| Problem to solve |
The records below hold pictures; please leave those out and retype the rest exactly.

• • • • • • •

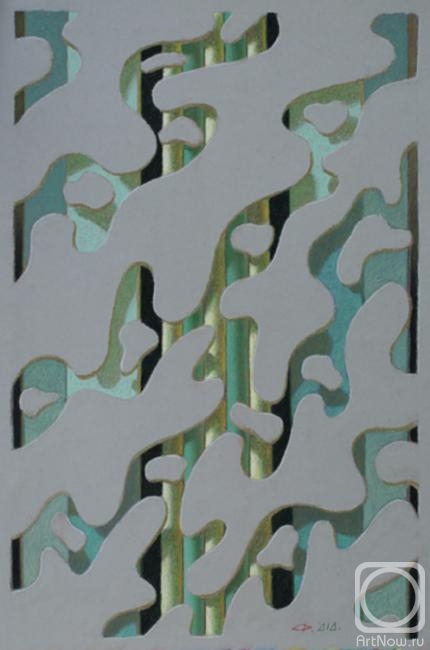 Dergun Sergey. Clouds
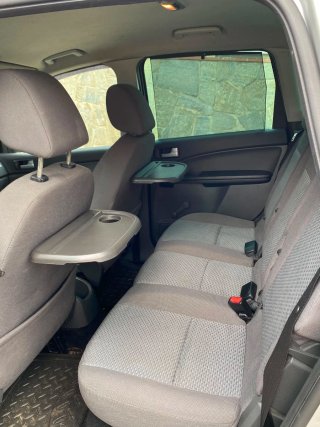 Ford C-MAX 2008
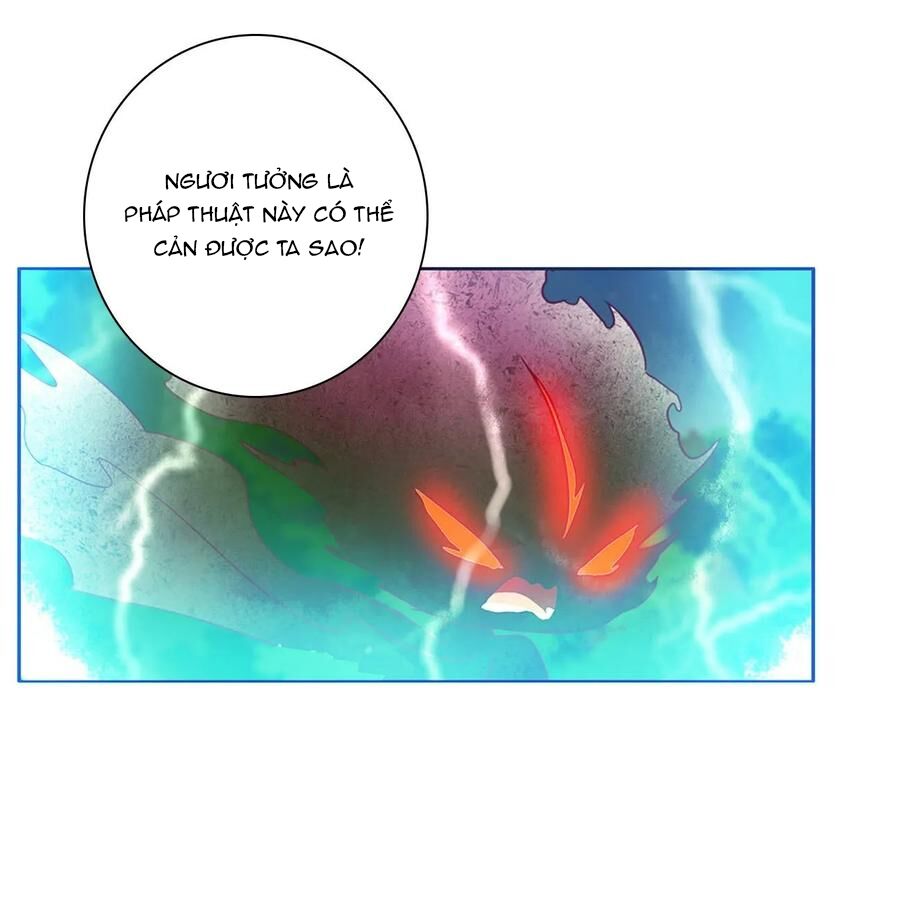Thông Linh Phi: Chapter 632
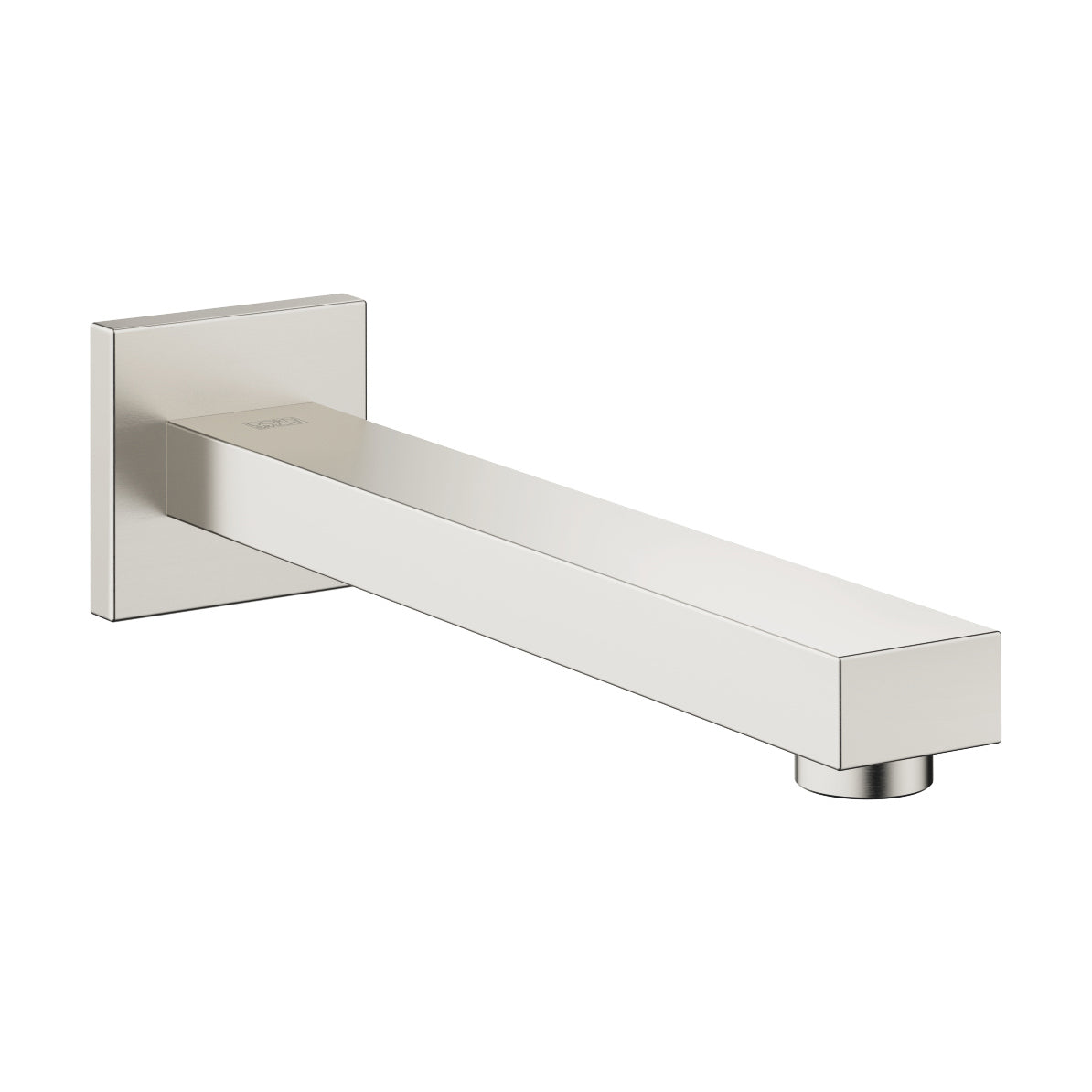 LAV SPOUT 13805980-060010 SYMETRICS WALL MOUNT L/POP-UP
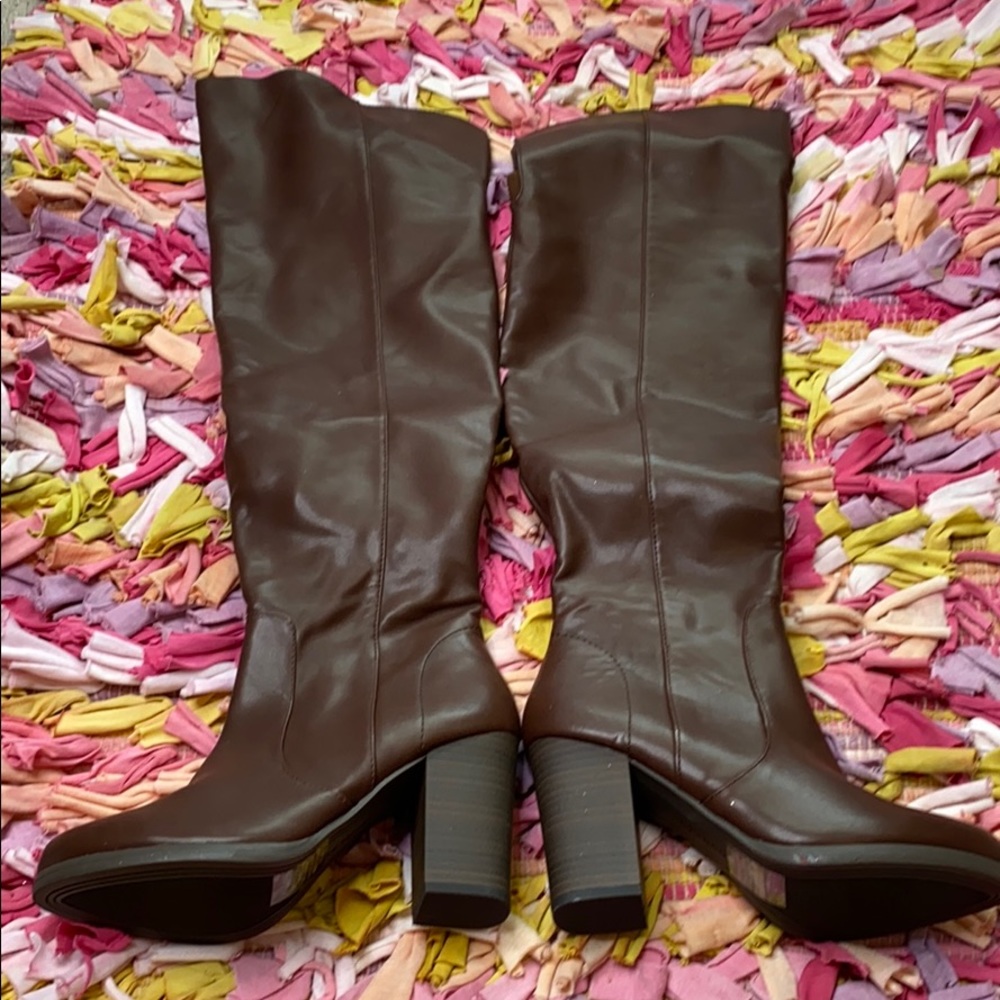 EXPRESS Boots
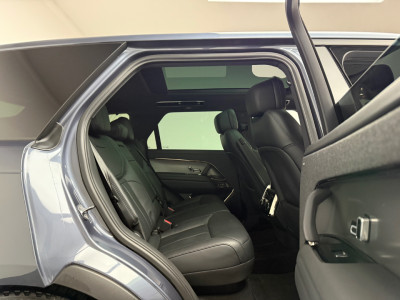 2024 Land Rover Range Rover Sport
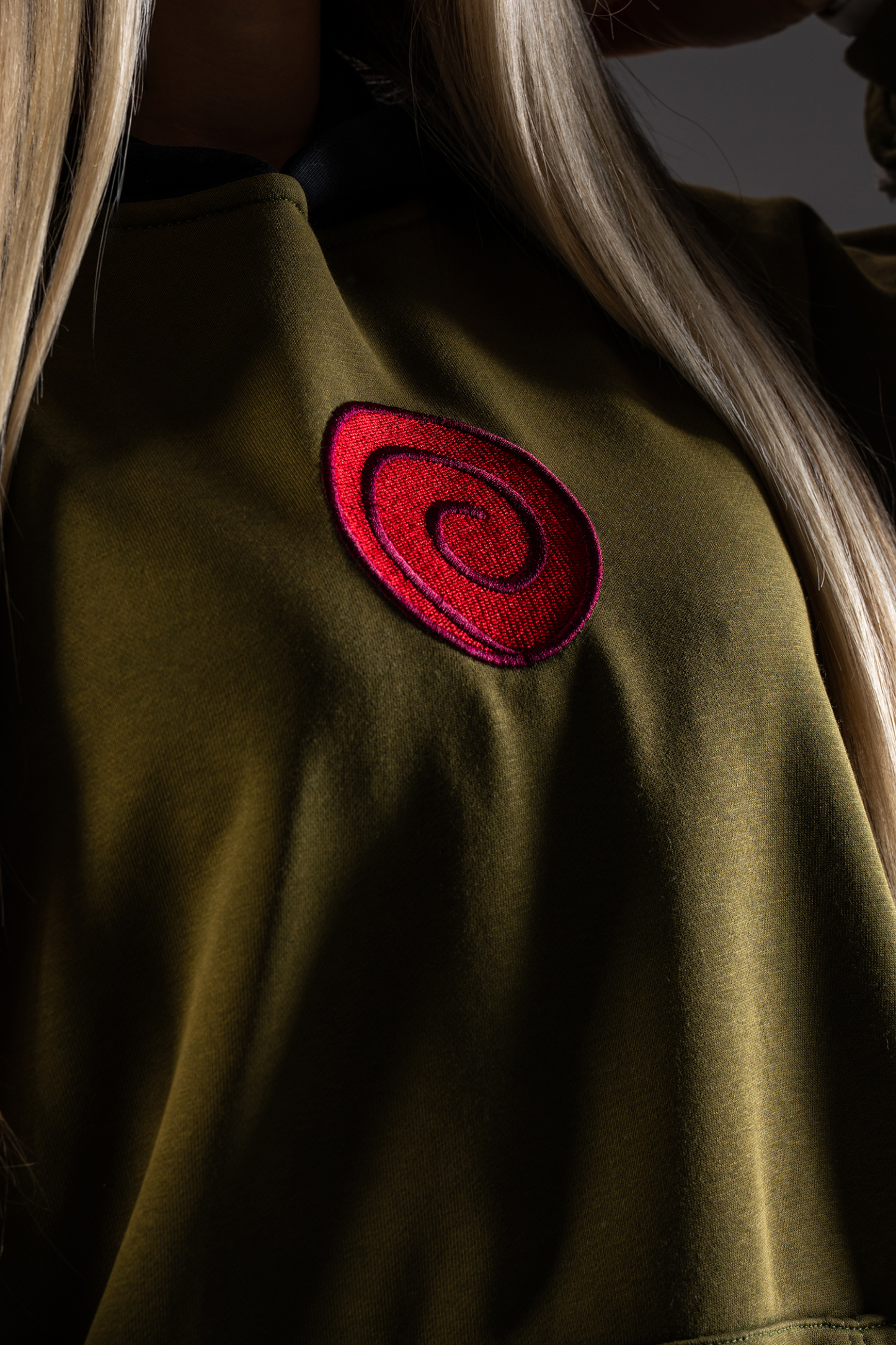 Ninja Hoodie-Coordom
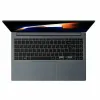 Laptop Samsung Galaxy Book4 Spanish Qwerty 15,6" Intel Core i5-1335U 16 GB RAM 512 GB SSD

• • • • • • •

| Output below |
 Dergun Sergey. Clouds
 Ford C-MAX 2008
Thông Linh Phi: Chapter 632
 LAV SPOUT 13805980-060010 SYMETRICS WALL MOUNT L/POP-UP
 EXPRESS Boots
 2024 Land Rover Range Rover Sport
 Ninja Hoodie-Coordom
 Laptop Samsung Galaxy Book4 Spanish Qwerty 15,6" Intel Core i5-1335U 16 GB RAM 512 GB SSD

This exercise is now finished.